Cette nouvelle déclaration, le Premier ministre l’a prononcée devant un parterre d’étudiants. C’est la tradition pour les étudiants en sciences politiques de l’université de Gand. À chaque rentrée universitaire, ils ont droit à une leçon inaugurale prononcée par un décideur politique de premier plan. Elio di Rupo, Bart De Wever, Herman Van Rompuy, Paul Magnette ont tous eu droit à cet honneur. Pour ces orateurs, l’exposé est l’occasion d’adresser un message aux étudiants et surtout au grand public.
Très logiquement, Alexander De Croo a donc profité de cette tribune pour défendre l’action de son gouvernement. Interrogé sur le prix de l’énergie, mais aussi sur le prix des spaghettis au restaurant universitaire, cela ne s’invente pas, le Premier ministre a mis en avant les mesures déjà décidées par le gouvernement Vivaldi, tarif social, baisse de la TVA et a évoqué la prochaine taxation des superprofits. Et puis cette fameuse phrase : “celui qui affirme que les autorités peuvent compenser à 100 % raconte des bêtises ».
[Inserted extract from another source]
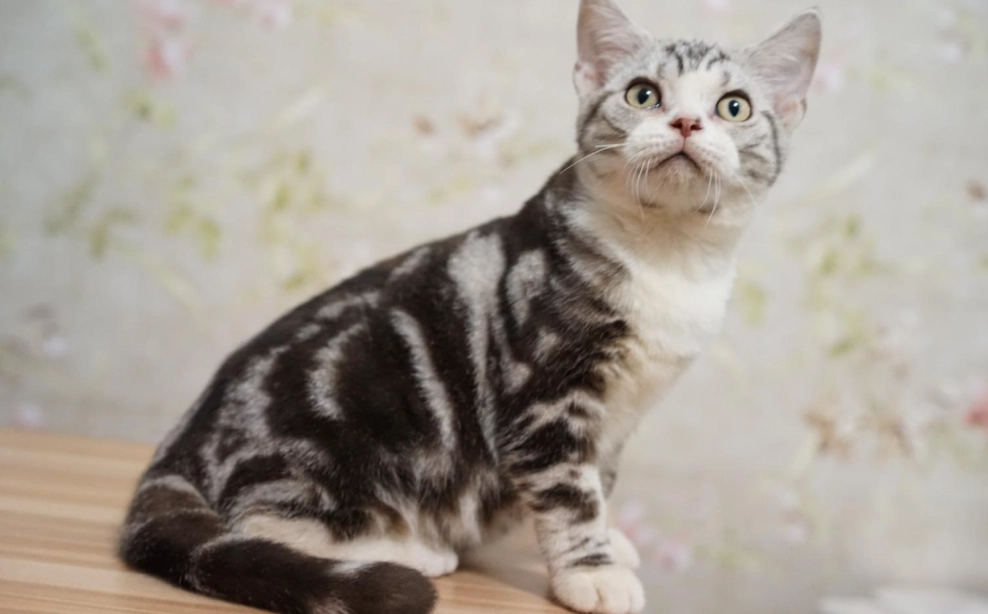 美國短毛貓英國短毛貓終極比較指南：外觀性格健康全解析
► Lire aussi : La hausse des prix de l’énergie frappe durement les Bruxellois
On doit reconnaître à Alexander De Croo le mérite de la continuité. Le libéral flamand avait déjà alerté en annonçant que nous allions vers 5 à 10 hivers difficiles. En indiquant que tout le monde doit se préparer à faire des efforts, il récidive. C’est plutôt une posture inhabituelle pour un Premier ministre dont le discours est traditionnellement d’inspirer la confiance et d’œuvrer à la stabilité. Ces petites phrases, qui n’ont l’air de rien, sont bien un positionnement politique. Quand Alexander De Croo indique que l’État providence ne peut pas tout, il utilise sa carrure de Premier ministre pour contrecarrer les ardeurs de ses partenaires de gauche qui voudraient des aides plus conséquentes en faveur des classes populaires.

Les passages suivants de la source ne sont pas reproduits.